Como consequência desse regime excepcional, o decreto autorizou a adoção de medidas necessárias à racionalização de todos os serviços públicos essenciais, a serem regulamentadas a partir da edição, pelas respectivas autoridades competentes, de atos normativos específicos.

Pode-se inferir que este decreto, além de chamar a atenção de toda a nação para a grave situação financeira em que se encontra o Estado do Rio de Janeiro, visou a respaldar as autoridades públicas estaduais para que pudessem tomar decisões e adotar medidas de natureza administrativa de caráter urgente e, em certos casos, até mesmo drásticas, especialmente para permitir a regular e satisfatória realização dos Jogos Olímpicos e Paraolímpicos, sem que os respectivos gestores públicos respondessem administrativamente por irregularidades decorrentes de tais ações.

E, de fato, este recurso surtiu efeito, já que o Governo Federal editou a Medida Provisória 734/2016, pela qual se concede um apoio financeiro de R$ 2,9 bilhões ao Governo Estadual do Rio de Janeiro. Tais recursos, desprovidos de necessidade de restituição, liberar-se-ão em parcela única e destinados a auxiliar as despesas com segurança pública do referido Estado decorrentes da realização dos Jogos Olímpicos e Paraolímpicos que se iniciam em agosto do corrente ano. E, com o aval do TCU, que reconheceu o caráter de urgência na despesa não prevista no orçamento, editou-se a Medida Provisória 736/2016, através da qual o Governo Federal abriu crédito extraordinário em favor de transferências a Estados, Distrito Federal e Municípios, naquele mesmo valor.

Conclusão

O protagonismo assumido pelas discussões de Direito Financeiro permitiu que se tivesse real dimensão da importância da higidez das finanças públicas para a estabilidade econômica e o progresso nacional. Não à toa, os estudos e encontros sobre a matéria têm sido estimulados, como se pode ver com a realização, nos dias 1 e 2 de setembro de 2016, no Tribunal de Contas do Município do Rio de Janeiro, do III Congresso Internacional de Direito Financeiro, cujo leitmotiv é precisamente “Orçamento Público e Responsabilidade Fiscal”.

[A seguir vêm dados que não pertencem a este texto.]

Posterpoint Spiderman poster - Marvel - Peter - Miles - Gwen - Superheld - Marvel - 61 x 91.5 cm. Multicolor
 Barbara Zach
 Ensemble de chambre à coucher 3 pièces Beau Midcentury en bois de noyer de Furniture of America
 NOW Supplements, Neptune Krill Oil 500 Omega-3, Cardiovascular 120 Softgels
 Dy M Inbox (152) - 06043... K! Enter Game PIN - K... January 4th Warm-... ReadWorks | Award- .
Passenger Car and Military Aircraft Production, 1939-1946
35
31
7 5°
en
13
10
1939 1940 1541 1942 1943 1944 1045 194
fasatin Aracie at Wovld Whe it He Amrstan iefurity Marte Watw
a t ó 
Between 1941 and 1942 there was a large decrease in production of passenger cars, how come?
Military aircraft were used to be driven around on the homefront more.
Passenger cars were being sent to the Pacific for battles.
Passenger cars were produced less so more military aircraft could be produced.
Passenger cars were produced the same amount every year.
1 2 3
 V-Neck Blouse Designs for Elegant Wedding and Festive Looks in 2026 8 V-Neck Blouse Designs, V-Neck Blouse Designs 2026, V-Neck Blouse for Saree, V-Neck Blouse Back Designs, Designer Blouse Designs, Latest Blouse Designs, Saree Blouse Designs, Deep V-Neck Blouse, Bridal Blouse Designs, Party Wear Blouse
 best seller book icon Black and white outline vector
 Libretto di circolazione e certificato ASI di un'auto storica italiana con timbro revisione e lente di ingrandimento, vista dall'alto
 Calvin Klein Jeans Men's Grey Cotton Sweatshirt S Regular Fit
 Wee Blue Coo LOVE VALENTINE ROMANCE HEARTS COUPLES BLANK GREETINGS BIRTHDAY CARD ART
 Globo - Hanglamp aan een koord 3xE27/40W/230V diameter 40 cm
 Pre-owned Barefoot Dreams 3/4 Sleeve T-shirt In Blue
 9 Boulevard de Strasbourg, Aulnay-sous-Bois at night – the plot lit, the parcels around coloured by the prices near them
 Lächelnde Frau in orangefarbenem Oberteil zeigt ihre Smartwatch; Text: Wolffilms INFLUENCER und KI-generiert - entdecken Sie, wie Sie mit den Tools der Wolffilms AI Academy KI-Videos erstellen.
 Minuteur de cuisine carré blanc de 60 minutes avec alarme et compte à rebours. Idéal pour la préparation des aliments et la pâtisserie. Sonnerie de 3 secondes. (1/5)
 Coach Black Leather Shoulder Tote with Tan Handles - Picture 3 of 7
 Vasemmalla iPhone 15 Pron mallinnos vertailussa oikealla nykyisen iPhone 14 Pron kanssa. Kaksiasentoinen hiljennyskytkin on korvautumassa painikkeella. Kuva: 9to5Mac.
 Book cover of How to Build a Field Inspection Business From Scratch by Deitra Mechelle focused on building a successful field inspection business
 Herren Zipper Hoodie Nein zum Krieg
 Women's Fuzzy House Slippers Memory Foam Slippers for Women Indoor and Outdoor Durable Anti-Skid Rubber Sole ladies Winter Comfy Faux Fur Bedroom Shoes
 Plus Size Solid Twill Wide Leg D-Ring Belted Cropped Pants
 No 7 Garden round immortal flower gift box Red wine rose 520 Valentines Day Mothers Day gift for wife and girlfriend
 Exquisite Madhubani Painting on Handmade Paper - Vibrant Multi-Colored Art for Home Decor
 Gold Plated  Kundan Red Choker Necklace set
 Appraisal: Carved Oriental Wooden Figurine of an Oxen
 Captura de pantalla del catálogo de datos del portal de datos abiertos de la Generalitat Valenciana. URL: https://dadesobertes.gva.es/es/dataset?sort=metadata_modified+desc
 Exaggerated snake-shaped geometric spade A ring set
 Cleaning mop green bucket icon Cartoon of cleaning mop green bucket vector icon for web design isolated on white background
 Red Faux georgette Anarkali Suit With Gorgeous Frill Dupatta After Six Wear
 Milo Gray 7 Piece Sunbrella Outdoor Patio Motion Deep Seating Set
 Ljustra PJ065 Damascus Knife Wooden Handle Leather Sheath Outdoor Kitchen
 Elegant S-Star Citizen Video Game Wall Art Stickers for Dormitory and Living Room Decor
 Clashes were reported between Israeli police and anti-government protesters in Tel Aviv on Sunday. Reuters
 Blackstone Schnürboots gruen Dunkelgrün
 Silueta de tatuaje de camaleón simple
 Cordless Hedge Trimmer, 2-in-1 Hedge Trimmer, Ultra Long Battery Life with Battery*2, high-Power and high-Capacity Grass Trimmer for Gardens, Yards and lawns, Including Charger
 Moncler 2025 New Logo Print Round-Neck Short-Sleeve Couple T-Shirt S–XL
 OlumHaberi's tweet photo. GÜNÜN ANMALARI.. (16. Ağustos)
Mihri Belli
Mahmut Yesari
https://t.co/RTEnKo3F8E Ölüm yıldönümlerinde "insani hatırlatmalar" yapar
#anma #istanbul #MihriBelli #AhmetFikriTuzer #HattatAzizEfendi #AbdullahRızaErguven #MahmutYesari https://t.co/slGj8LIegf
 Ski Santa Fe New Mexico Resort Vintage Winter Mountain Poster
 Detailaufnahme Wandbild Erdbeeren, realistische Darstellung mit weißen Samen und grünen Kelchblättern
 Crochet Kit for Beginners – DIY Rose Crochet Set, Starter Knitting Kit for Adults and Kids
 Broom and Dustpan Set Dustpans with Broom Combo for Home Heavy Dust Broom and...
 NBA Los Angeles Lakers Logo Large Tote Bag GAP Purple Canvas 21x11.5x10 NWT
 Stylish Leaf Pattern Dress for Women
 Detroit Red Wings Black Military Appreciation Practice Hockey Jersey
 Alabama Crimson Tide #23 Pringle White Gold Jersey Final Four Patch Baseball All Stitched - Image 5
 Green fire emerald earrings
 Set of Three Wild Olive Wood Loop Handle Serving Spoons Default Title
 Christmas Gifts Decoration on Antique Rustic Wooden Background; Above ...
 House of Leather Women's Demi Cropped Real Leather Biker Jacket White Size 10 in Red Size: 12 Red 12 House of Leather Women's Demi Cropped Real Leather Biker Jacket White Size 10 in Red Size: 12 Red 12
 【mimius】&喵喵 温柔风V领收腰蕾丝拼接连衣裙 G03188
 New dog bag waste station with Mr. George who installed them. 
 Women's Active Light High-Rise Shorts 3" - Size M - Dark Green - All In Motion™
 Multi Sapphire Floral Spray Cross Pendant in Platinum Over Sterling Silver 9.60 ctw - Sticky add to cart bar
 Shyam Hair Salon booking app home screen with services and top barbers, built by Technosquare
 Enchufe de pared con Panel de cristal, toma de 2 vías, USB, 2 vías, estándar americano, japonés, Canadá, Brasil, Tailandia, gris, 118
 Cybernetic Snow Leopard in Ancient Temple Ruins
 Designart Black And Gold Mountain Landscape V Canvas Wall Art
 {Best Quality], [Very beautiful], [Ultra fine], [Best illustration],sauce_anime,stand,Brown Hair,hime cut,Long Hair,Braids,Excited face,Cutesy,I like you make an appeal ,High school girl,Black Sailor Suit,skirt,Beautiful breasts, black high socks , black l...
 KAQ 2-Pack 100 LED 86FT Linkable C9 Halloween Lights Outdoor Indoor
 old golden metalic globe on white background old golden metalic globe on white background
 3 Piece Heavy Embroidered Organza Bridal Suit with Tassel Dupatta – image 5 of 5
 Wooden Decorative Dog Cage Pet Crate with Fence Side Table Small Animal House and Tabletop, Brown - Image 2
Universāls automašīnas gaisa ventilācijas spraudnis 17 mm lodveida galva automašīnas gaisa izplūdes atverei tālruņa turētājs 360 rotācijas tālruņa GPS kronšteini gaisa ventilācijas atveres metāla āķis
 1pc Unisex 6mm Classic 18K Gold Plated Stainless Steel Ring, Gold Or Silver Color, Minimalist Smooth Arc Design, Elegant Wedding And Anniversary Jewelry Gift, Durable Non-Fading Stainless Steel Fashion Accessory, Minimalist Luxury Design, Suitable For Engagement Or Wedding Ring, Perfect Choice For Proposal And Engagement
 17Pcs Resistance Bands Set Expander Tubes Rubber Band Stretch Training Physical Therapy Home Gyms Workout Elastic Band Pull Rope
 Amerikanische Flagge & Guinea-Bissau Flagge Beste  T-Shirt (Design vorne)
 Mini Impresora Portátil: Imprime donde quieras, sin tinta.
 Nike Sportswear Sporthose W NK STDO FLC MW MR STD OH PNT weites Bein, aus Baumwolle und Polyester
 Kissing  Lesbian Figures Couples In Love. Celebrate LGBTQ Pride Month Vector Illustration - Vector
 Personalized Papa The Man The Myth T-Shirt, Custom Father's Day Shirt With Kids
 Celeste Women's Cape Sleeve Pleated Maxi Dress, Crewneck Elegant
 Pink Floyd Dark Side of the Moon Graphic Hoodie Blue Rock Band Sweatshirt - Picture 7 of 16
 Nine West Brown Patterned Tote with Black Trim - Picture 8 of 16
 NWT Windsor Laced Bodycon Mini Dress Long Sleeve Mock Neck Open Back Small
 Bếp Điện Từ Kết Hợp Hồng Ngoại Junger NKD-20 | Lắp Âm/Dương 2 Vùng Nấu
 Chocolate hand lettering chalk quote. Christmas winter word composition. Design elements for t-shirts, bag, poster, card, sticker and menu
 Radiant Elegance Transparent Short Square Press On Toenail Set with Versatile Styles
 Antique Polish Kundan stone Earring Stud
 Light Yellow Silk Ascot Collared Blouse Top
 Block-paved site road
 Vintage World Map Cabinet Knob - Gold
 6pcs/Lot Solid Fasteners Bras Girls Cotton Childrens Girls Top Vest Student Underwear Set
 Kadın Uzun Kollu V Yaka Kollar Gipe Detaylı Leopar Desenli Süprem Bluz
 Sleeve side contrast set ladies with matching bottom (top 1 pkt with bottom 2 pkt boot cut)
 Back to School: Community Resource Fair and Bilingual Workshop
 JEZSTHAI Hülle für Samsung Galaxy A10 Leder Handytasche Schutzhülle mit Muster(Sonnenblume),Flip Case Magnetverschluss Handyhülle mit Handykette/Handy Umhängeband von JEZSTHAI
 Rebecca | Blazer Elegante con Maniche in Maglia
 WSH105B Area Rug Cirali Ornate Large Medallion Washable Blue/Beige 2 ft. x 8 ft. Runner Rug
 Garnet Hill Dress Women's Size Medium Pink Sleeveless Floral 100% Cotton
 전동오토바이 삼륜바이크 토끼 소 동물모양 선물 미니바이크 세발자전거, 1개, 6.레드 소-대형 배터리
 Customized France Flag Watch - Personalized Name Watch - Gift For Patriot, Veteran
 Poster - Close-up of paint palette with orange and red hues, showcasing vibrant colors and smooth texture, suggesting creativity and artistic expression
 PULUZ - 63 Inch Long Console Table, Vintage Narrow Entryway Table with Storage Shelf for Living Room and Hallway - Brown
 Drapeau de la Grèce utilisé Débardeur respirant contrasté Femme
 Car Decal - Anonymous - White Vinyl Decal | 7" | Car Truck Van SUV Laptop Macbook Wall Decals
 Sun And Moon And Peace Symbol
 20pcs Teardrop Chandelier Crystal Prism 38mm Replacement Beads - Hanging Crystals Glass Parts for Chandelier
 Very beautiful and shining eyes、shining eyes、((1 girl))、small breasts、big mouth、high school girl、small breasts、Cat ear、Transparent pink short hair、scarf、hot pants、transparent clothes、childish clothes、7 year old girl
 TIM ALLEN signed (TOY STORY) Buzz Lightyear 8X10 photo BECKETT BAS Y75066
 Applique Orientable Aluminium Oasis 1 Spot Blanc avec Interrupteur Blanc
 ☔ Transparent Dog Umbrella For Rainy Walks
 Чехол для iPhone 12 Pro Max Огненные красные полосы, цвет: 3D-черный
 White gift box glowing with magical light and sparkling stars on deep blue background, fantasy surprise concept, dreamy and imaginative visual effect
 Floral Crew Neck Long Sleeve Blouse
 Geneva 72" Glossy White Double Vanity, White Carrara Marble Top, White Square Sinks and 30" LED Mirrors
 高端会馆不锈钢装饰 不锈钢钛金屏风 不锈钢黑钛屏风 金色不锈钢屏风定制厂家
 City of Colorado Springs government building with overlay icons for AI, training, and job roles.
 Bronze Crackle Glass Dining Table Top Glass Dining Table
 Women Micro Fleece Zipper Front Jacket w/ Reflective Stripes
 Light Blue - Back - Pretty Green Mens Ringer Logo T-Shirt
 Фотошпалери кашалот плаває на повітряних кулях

Goste-se ou não, a desatenção às normas financeiras e ao tripé do planejamento, equilíbrio e transparência portou consequências reais e sentidas pelos cidadãos. De especialidade tida como abstrusa, em geral oculta aos olhos da população e despertando pouco interesse na comunidade jurídica, o Direito Financeiro foi subitamente catapultado às primeiras páginas do noticiário. Colocado que foi sob os holofotes, já não mais pode ser ignorado, sendo hoje um dos atores principais nas decisões essenciais para os rumos futuros da nação.